ENSCO, United States, has announced that it has secured a $US 571m contract to manage Transportation Technology Center (TTC), located in Pueblo, Colorado, commencing work in October 2022.

Ensco says it will support the objectives of the Federal Railroad Administration (FRA), which owns the facility, to expand TTC as a centre for both rail and ground transport innovation by providing research, development, testing, engineering and training services.

The contract with Ensco includes a five-year base period and three five-year options.

The Association of American Railroads (AAR) has managed TTC as a world-leading centre for railway research since 1982, predominately through its wholly-owned subsidiary, Transportation Technology Center Inc. (TTCI). TCCI has held successive single-source Care, Custody and Control Contracts signed with the FRA. However, in 2019, the FRA issued a request for information to update the facility and its functions, potentially to incorporate testing for other US Department of Transportation (DOT) agencies such as the Pipeline and Hazardous Materials Administration (PHMSA).

TTC consists of more than 80km of railway test tracks and specialised laboratories for testing locomotives, vehicles, track components, and communications and signalling devices.

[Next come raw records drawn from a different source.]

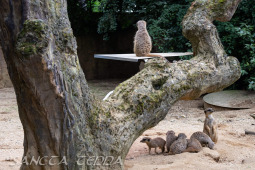 2024_05_20_Zoo_Duisburg_032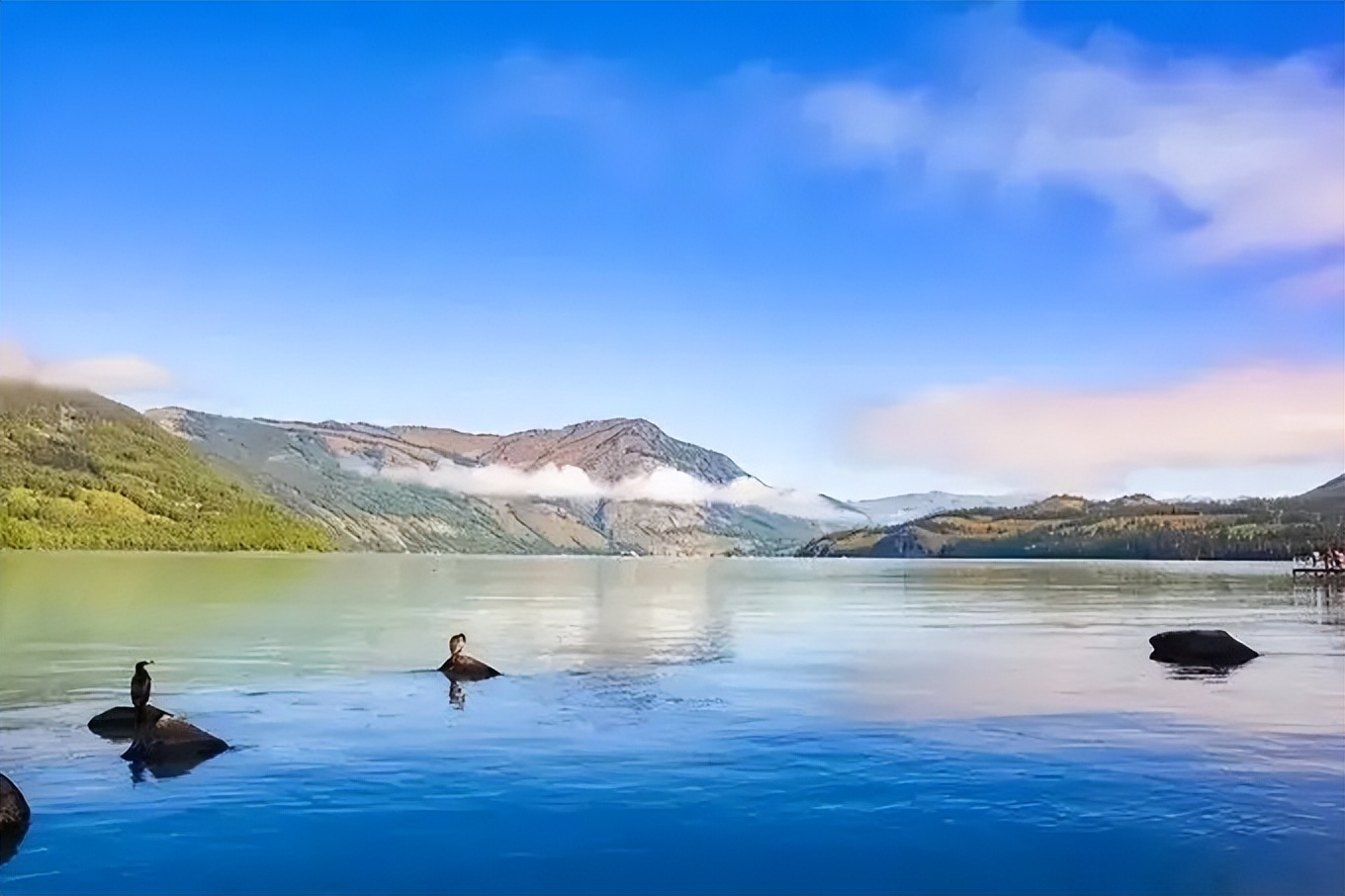 1992年，河北男子花30万买两只病鼠，几年后反而大赚8000万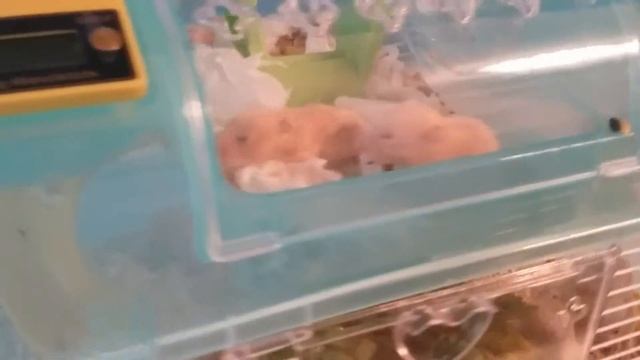 Хомяки обедают смотреть онлайн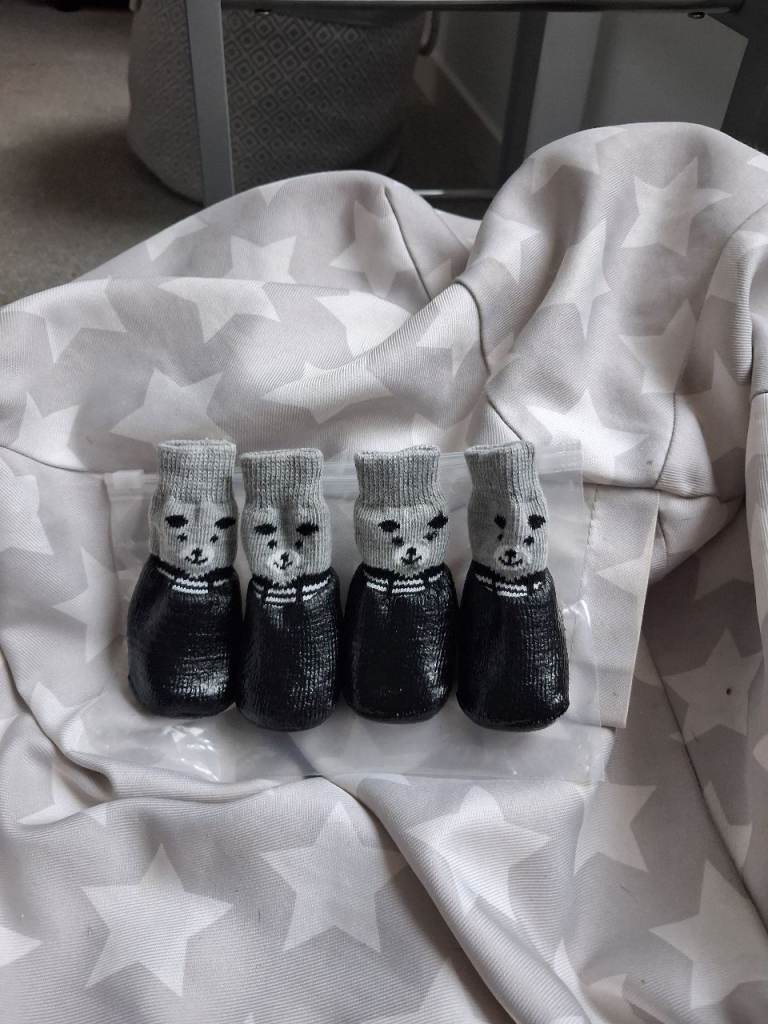 New dog sock/boot XS four socks £2.50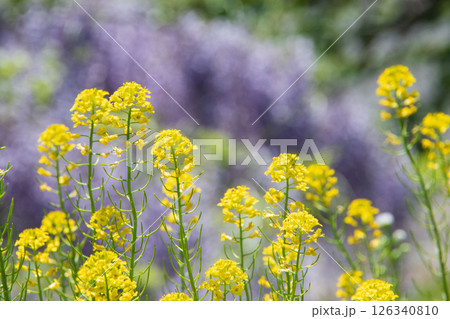 黄色い花と藤の花 126340810
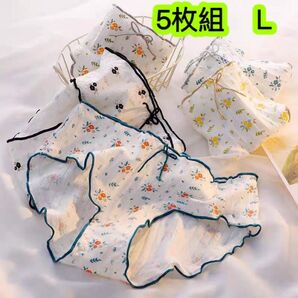 5枚組L 日系花柄コットンショーツ 通気 綿 女性 肌着レディース下着 448号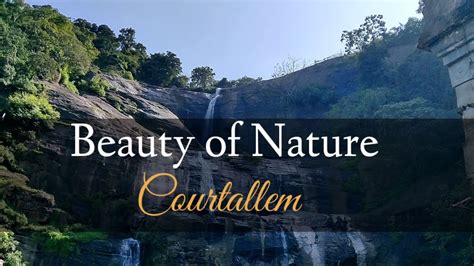 Courtallam Falls | Beauty of nature | Small trip time moments - YouTube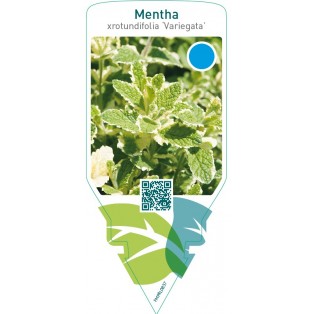 Mentha rotundifolia ‘Variegata’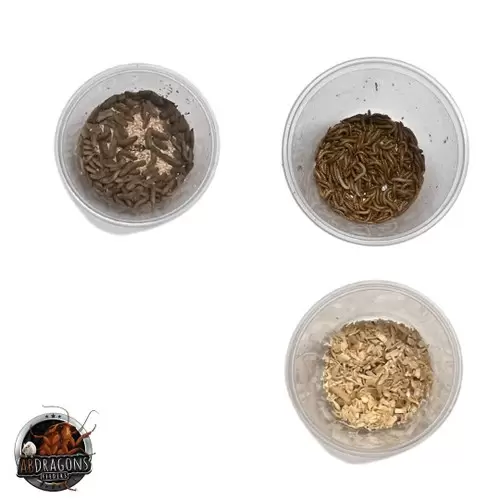Fat Tail Gecko Live Feeder Bundle- Adult
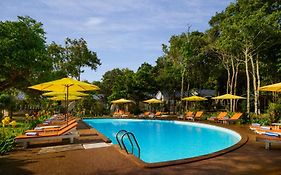 Sandy Beach Bungalows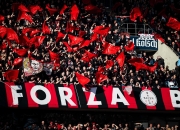 开云体育官网-欧洲篮球职业赛事调动热潮，球迷狂欢的简单介绍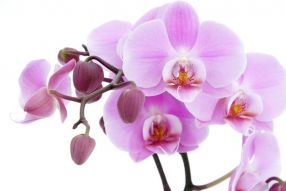 Фотообои Орхидея на белом фоне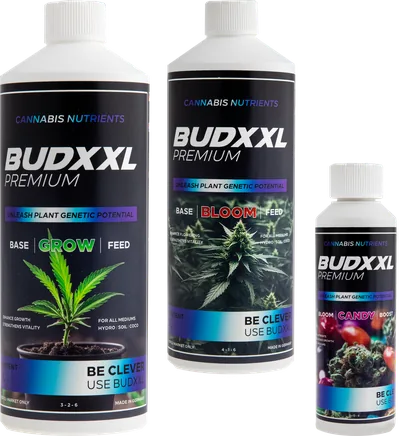 BUDXXL Starter Pack · 2,25 L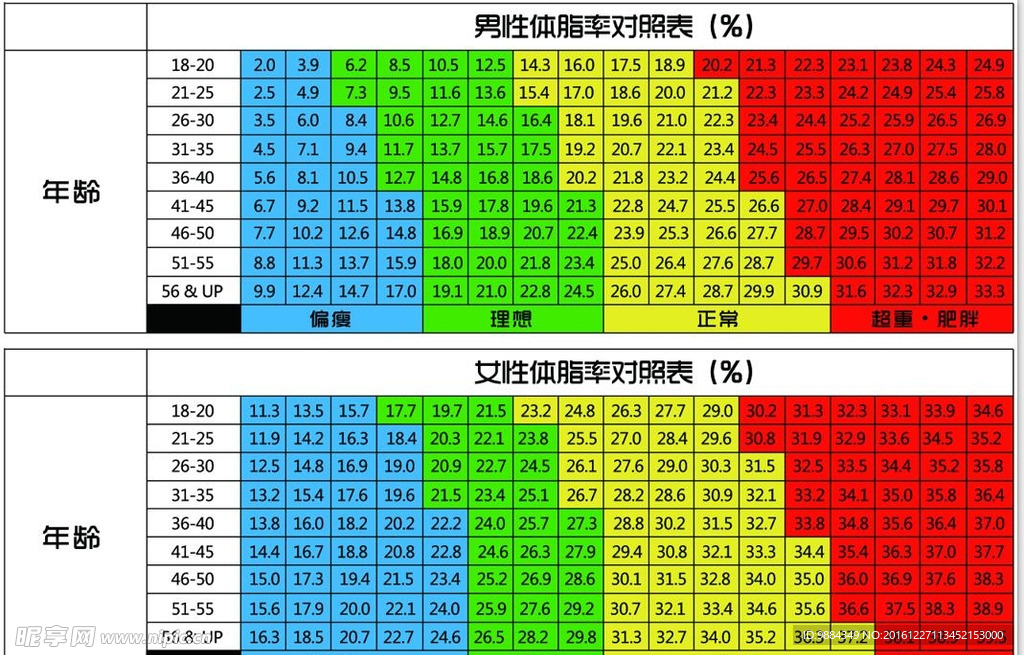 体脂率对照表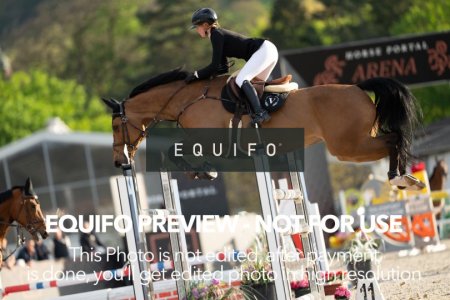 CSIO_Zduchovice_2025_Wed_J_135-0307.jpg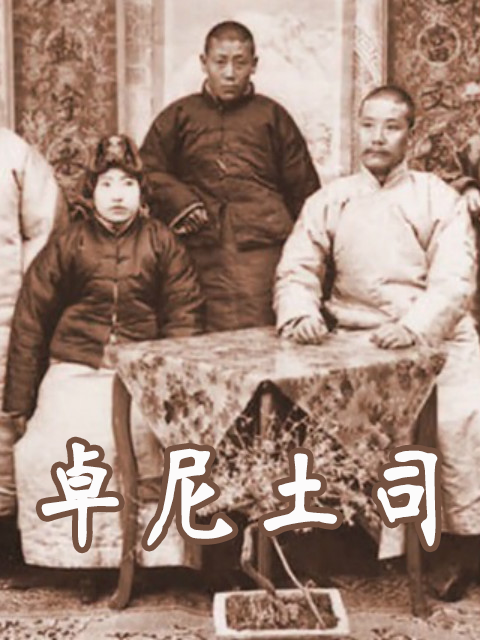 卓尼土司封面图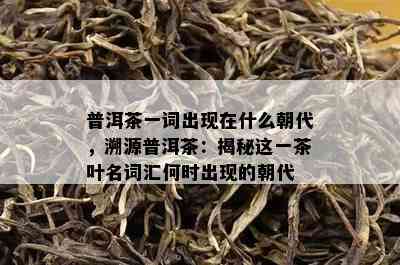 普洱茶一词出现在什么朝代，溯源普洱茶：揭秘这一茶叶名词汇何时出现的朝代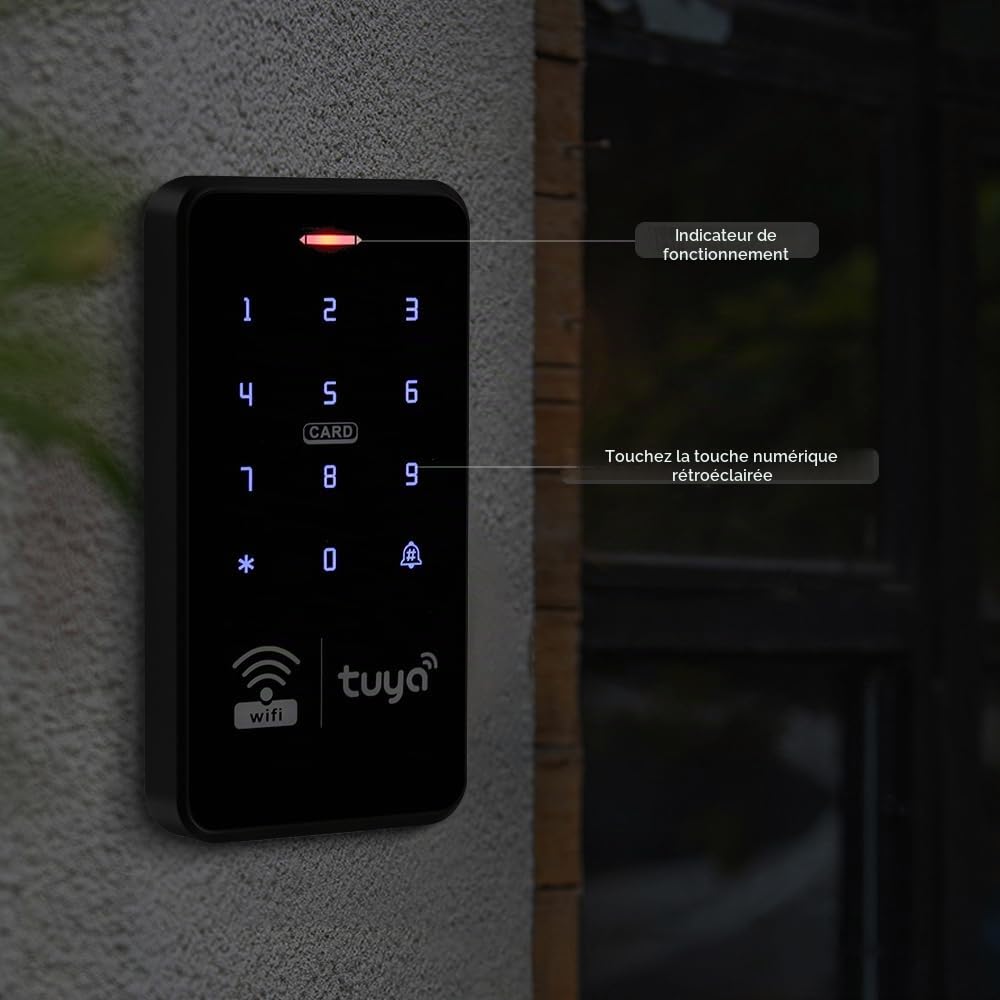 Kit de Serrure de Porte sans clé Tuya Imperméable à l'eau Double Fréquence Clavier avec DC 12V NC Sécurité électrique Serrure 3A Système de Sécurité d'alimentation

TTCI researchers work with AAR members, including US and Canadian Class 1 railways, as well as suppliers and international clients.

Ensco says it will be supported by a team of leading surface transport research, training, technology and facilities management organisations focused on next-generation technology supporting transport infrastructure. This team will be further supported by the Center for Surface Transportation Testing and Academic Research (C-STTAR) consortium of eight universities and academic research centres established by Ensco. C-STTAR provides expertise in research across all modes of surface transport, including intermodal, and Ensco says it will support TTC’s growth initiatives.

“We have assembled an incredible team of industry and university research, safety, technology, testing and training entities to serve the needs of FRA, DOT and the surface transportation industry,” says Ensco president, Mr Boris Nejikovsky.

“We are excited to support the many site stakeholders, including the AAR and its members, to continue the important railroad research occurring at the centre today and to expand the capabilities of the site to other modes of transportation with this robust team. Ensco also looks forward to supporting the local Pueblo economy by partnering with local leadership, universities and business, attracting visitors who participate in site activities and recruiting top technical talent to the area.”


TTCI told IRJ’s sister publication Railway Age that it will continue to deliver in all of its capacities in support of the AAR.

TTCI, in its formal announcement on March 5, which made no mention of Ensco, noted that the transition to a new facilities manager under a new Care, Custody and Control Contracts “is not expected to result in major modifications to TTCI’s services.”

“TTCI will continue to perform research and engineering services in accordance with its mission to advance safety, reliability and efficiency in the rail industry, and will determine any future usage of the TTC in alignment with the new DOT contractual condition and site availability,” the company said.

Railway Age editor-in-chief, William Vantuono, reports citing an independent source that in light of the award of the contract to Ensco, AAR/TTCI is considering its options, among which could be launching a formal protest.